What you are asked to do
Copy the data below. Keep every line exactly as it is.

Task material
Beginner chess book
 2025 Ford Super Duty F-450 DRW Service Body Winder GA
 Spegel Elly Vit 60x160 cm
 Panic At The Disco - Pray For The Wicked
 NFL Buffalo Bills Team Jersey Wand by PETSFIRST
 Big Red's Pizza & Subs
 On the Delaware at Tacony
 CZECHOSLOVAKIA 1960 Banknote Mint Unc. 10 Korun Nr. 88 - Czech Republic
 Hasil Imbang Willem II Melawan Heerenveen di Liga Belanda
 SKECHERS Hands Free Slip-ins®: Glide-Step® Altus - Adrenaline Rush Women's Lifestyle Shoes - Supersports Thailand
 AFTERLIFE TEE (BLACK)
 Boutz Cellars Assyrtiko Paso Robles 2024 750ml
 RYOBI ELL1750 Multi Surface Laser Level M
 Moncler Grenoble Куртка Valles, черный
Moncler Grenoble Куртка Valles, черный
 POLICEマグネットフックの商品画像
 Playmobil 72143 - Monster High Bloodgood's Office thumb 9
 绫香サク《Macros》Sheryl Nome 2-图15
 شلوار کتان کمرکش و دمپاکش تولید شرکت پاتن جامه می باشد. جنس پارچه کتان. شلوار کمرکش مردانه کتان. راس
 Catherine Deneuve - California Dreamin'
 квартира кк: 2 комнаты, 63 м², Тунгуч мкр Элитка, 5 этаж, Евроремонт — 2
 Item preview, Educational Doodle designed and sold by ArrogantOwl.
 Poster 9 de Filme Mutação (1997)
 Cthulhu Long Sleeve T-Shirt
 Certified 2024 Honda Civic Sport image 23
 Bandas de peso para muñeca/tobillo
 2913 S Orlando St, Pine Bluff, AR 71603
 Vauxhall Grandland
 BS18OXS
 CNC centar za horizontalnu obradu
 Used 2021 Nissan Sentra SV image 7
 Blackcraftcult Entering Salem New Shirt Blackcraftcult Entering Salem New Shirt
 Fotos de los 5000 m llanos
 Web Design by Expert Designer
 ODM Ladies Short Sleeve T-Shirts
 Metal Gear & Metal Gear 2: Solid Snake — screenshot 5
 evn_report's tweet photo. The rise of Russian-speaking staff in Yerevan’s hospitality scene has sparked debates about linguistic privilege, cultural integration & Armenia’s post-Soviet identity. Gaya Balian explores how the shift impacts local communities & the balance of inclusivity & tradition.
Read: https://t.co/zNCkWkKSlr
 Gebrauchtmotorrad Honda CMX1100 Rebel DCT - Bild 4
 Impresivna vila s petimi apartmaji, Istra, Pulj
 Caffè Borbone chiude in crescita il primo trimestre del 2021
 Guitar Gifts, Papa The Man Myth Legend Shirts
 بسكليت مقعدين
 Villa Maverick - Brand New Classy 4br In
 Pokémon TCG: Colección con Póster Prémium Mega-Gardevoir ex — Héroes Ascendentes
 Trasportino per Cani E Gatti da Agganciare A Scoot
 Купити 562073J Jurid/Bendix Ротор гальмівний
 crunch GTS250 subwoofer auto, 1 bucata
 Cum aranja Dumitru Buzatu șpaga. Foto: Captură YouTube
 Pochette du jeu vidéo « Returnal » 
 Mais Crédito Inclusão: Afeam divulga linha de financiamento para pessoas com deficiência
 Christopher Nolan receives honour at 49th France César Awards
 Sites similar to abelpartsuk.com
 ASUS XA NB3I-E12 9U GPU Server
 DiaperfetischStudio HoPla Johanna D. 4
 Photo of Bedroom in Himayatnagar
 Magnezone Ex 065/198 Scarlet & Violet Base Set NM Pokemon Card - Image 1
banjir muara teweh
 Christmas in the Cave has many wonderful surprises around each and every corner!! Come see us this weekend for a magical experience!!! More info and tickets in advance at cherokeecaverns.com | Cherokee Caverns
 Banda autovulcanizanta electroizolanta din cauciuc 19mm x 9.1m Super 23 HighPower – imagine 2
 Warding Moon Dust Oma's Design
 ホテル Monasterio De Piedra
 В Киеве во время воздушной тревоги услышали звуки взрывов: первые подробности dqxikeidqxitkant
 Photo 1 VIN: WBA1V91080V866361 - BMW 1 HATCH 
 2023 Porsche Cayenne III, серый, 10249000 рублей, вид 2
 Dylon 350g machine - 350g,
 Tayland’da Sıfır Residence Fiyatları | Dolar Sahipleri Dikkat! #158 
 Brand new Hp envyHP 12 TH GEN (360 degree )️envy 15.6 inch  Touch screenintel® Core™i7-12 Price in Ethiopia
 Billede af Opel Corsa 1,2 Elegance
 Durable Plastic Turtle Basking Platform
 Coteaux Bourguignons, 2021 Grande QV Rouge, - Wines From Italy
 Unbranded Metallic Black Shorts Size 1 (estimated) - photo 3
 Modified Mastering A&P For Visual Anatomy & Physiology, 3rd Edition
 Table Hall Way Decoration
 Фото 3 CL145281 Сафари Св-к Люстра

Result of this exercise
Beginner chess book
 2025 Ford Super Duty F-450 DRW Service Body Winder GA
 Spegel Elly Vit 60x160 cm
 Panic At The Disco - Pray For The Wicked
 NFL Buffalo Bills Team Jersey Wand by PETSFIRST
 Big Red's Pizza & Subs
 On the Delaware at Tacony
 CZECHOSLOVAKIA 1960 Banknote Mint Unc. 10 Korun Nr. 88 - Czech Republic
 Hasil Imbang Willem II Melawan Heerenveen di Liga Belanda
 SKECHERS Hands Free Slip-ins®: Glide-Step® Altus - Adrenaline Rush Women's Lifestyle Shoes - Supersports Thailand
 AFTERLIFE TEE (BLACK)
 Boutz Cellars Assyrtiko Paso Robles 2024 750ml
 RYOBI ELL1750 Multi Surface Laser Level M
 Moncler Grenoble Куртка Valles, черный
Moncler Grenoble Куртка Valles, черный
 POLICEマグネットフックの商品画像
 Playmobil 72143 - Monster High Bloodgood's Office thumb 9
 绫香サク《Macros》Sheryl Nome 2-图15
 شلوار کتان کمرکش و دمپاکش تولید شرکت پاتن جامه می باشد. جنس پارچه کتان. شلوار کمرکش مردانه کتان. راس
 Catherine Deneuve - California Dreamin'
 квартира кк: 2 комнаты, 63 м², Тунгуч мкр Элитка, 5 этаж, Евроремонт — 2
 Item preview, Educational Doodle designed and sold by ArrogantOwl.
 Poster 9 de Filme Mutação (1997)
 Cthulhu Long Sleeve T-Shirt
 Certified 2024 Honda Civic Sport image 23
 Bandas de peso para muñeca/tobillo
 2913 S Orlando St, Pine Bluff, AR 71603
 Vauxhall Grandland
 BS18OXS
 CNC centar za horizontalnu obradu
 Used 2021 Nissan Sentra SV image 7
 Blackcraftcult Entering Salem New Shirt Blackcraftcult Entering Salem New Shirt
 Fotos de los 5000 m llanos
 Web Design by Expert Designer
 ODM Ladies Short Sleeve T-Shirts
 Metal Gear & Metal Gear 2: Solid Snake — screenshot 5
 evn_report's tweet photo. The rise of Russian-speaking staff in Yerevan’s hospitality scene has sparked debates about linguistic privilege, cultural integration & Armenia’s post-Soviet identity. Gaya Balian explores how the shift impacts local communities & the balance of inclusivity & tradition.
Read: https://t.co/zNCkWkKSlr
 Gebrauchtmotorrad Honda CMX1100 Rebel DCT - Bild 4
 Impresivna vila s petimi apartmaji, Istra, Pulj
 Caffè Borbone chiude in crescita il primo trimestre del 2021
 Guitar Gifts, Papa The Man Myth Legend Shirts
 بسكليت مقعدين
 Villa Maverick - Brand New Classy 4br In
 Pokémon TCG: Colección con Póster Prémium Mega-Gardevoir ex — Héroes Ascendentes
 Trasportino per Cani E Gatti da Agganciare A Scoot
 Купити 562073J Jurid/Bendix Ротор гальмівний
 crunch GTS250 subwoofer auto, 1 bucata
 Cum aranja Dumitru Buzatu șpaga. Foto: Captură YouTube
 Pochette du jeu vidéo « Returnal » 
 Mais Crédito Inclusão: Afeam divulga linha de financiamento para pessoas com deficiência
 Christopher Nolan receives honour at 49th France César Awards
 Sites similar to abelpartsuk.com
 ASUS XA NB3I-E12 9U GPU Server
 DiaperfetischStudio HoPla Johanna D. 4
 Photo of Bedroom in Himayatnagar
 Magnezone Ex 065/198 Scarlet & Violet Base Set NM Pokemon Card - Image 1
banjir muara teweh
 Christmas in the Cave has many wonderful surprises around each and every corner!! Come see us this weekend for a magical experience!!! More info and tickets in advance at cherokeecaverns.com | Cherokee Caverns
 Banda autovulcanizanta electroizolanta din cauciuc 19mm x 9.1m Super 23 HighPower – imagine 2
 Warding Moon Dust Oma's Design
 ホテル Monasterio De Piedra
 В Киеве во время воздушной тревоги услышали звуки взрывов: первые подробности dqxikeidqxitkant
 Photo 1 VIN: WBA1V91080V866361 - BMW 1 HATCH 
 2023 Porsche Cayenne III, серый, 10249000 рублей, вид 2
 Dylon 350g machine - 350g,
 Tayland’da Sıfır Residence Fiyatları | Dolar Sahipleri Dikkat! #158 
 Brand new Hp envyHP 12 TH GEN (360 degree )️envy 15.6 inch  Touch screenintel® Core™i7-12 Price in Ethiopia
 Billede af Opel Corsa 1,2 Elegance
 Durable Plastic Turtle Basking Platform
 Coteaux Bourguignons, 2021 Grande QV Rouge, - Wines From Italy
 Unbranded Metallic Black Shorts Size 1 (estimated) - photo 3
 Modified Mastering A&P For Visual Anatomy & Physiology, 3rd Edition
 Table Hall Way Decoration
 Фото 3 CL145281 Сафари Св-к Люстра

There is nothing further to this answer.